> Task to complete
Whenever the string "from" turns up in a line of the data below, copy that line.

> Provided entries
◆ ◆ ◆ ◆

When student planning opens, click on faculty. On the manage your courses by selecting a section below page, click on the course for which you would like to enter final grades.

◆ ◆ ◆ ◆

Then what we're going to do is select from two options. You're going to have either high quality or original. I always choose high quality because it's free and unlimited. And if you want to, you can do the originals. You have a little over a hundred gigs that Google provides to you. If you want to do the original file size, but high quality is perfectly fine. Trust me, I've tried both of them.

◆ ◆ ◆ ◆

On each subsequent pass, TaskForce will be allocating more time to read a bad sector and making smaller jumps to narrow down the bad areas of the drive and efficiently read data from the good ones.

◆ ◆ ◆ ◆

> Written answer
Then what we're going to do is select from two options. You're going to have either high quality or original. I always choose high quality because it's free and unlimited. And if you want to, you can do the originals. You have a little over a hundred gigs that Google provides to you. If you want to do the original file size, but high quality is perfectly fine. Trust me, I've tried both of them.
On each subsequent pass, TaskForce will be allocating more time to read a bad sector and making smaller jumps to narrow down the bad areas of the drive and efficiently read data from the good ones.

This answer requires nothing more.